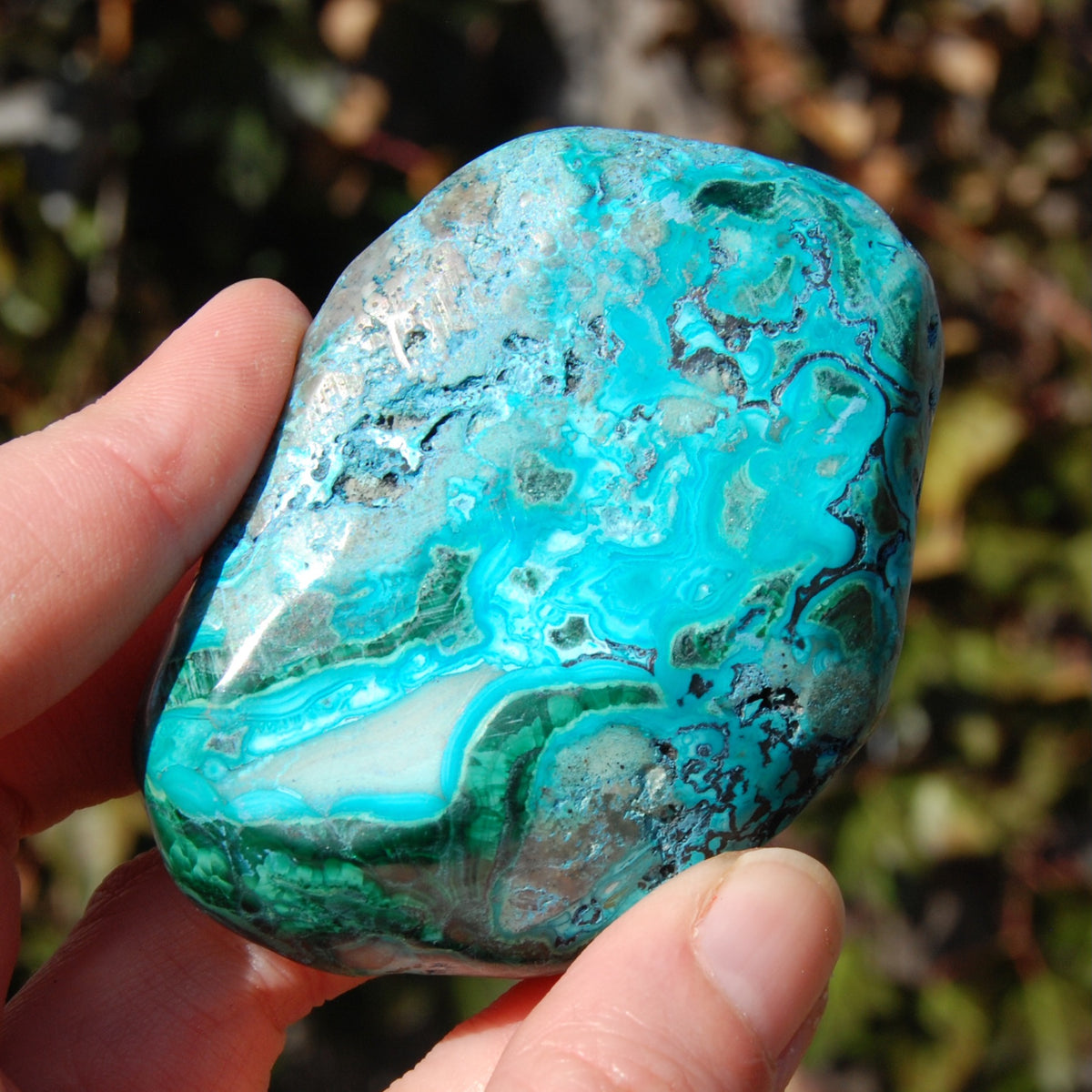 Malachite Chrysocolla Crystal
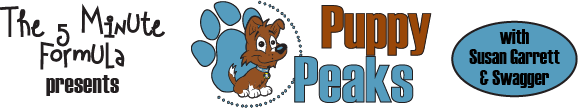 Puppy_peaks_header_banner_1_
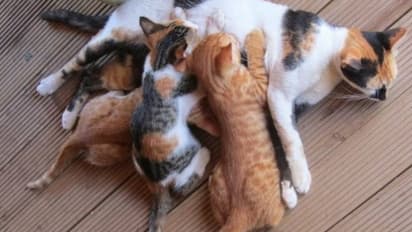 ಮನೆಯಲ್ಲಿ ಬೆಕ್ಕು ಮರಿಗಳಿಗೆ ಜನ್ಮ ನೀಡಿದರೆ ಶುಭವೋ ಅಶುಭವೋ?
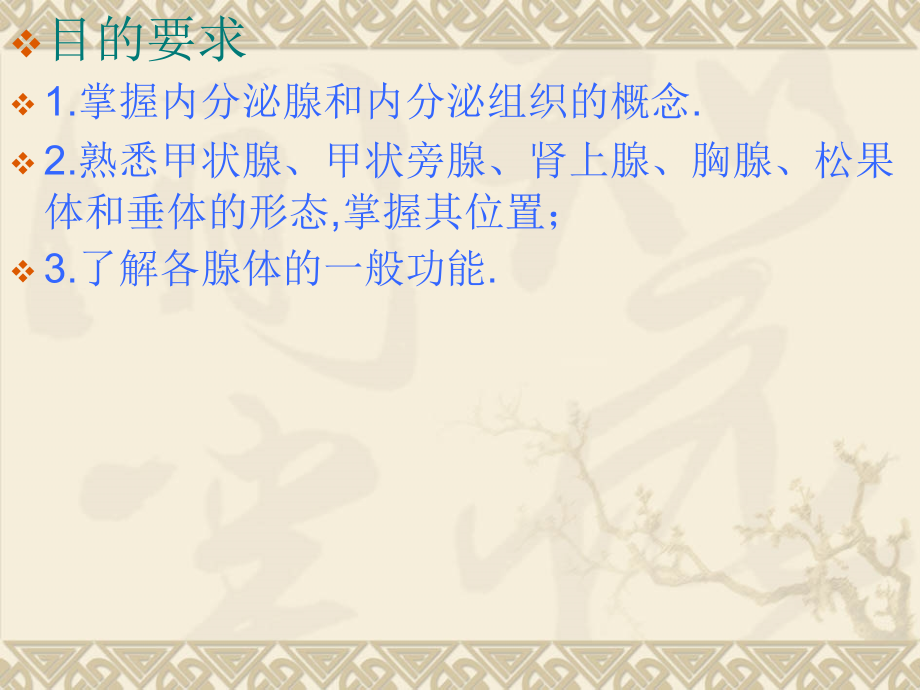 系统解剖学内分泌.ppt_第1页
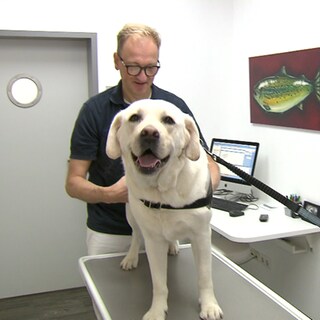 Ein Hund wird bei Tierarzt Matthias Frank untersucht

» **PROBLEM DESCRIPTION**:
Please give the entries above again exactly as written, leaving out any pictures.

» **SOLUTION TO THIS PROBLEM**:
 Malachite Chrysocolla Crystal
 Puppy_peaks_header_banner_1_
 ಮನೆಯಲ್ಲಿ ಬೆಕ್ಕು ಮರಿಗಳಿಗೆ ಜನ್ಮ ನೀಡಿದರೆ ಶುಭವೋ ಅಶುಭವೋ?
 系统解剖学内分泌.ppt_第1页
 Ein Hund wird bei Tierarzt Matthias Frank untersucht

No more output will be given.